§ **Problem details**
Using the records that follow, reproduce exactly the lines starting at the line containing "Okulary przeciwsłoneczne 0-12m" and ending at the line containing "Second graders are". Include both end lines and no pictures.

§ **Records supplied**
---*---

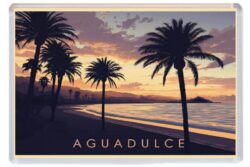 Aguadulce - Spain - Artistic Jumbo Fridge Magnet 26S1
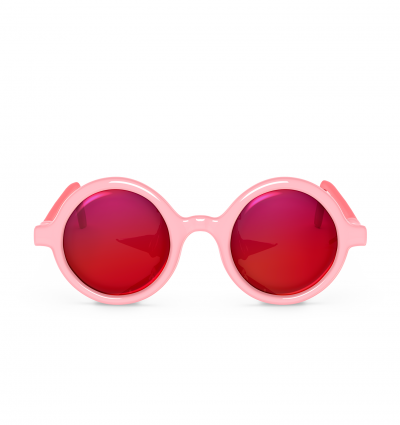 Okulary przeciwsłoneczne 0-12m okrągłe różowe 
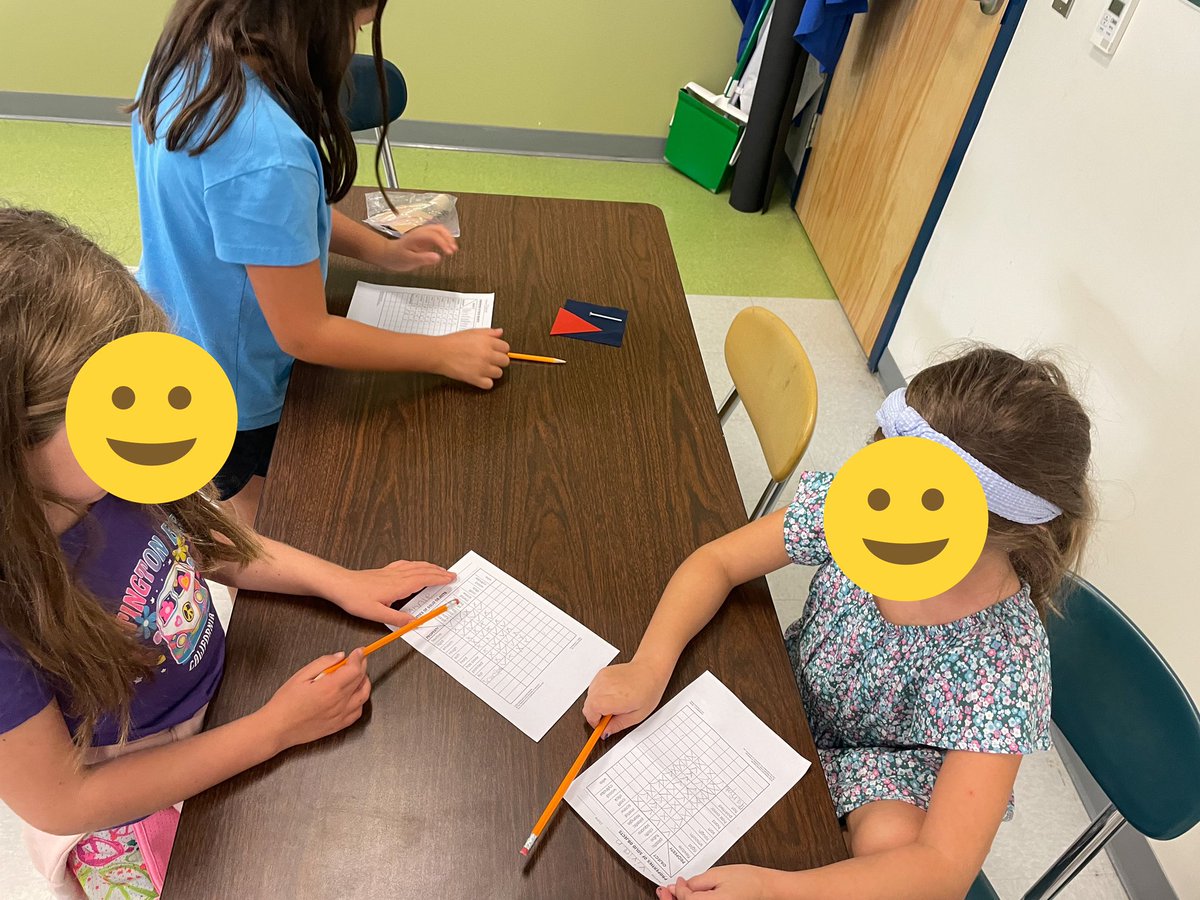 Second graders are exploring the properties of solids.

---*---

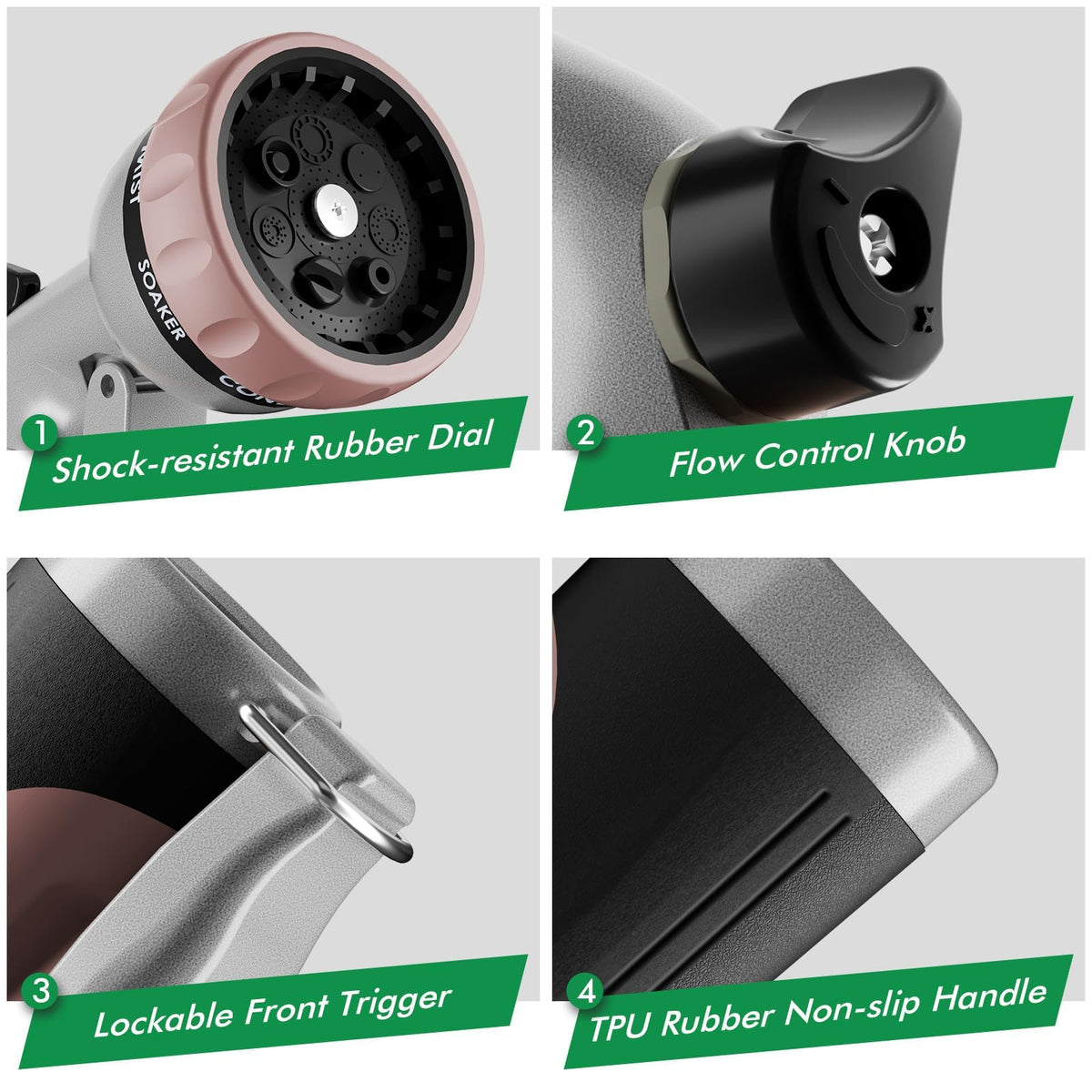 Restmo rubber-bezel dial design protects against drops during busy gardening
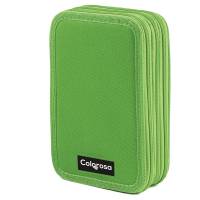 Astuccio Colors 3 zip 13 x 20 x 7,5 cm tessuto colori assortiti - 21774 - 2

---*---

§ **Written answer**
 Okulary przeciwsłoneczne 0-12m okrągłe różowe 
 Second graders are exploring the properties of solids.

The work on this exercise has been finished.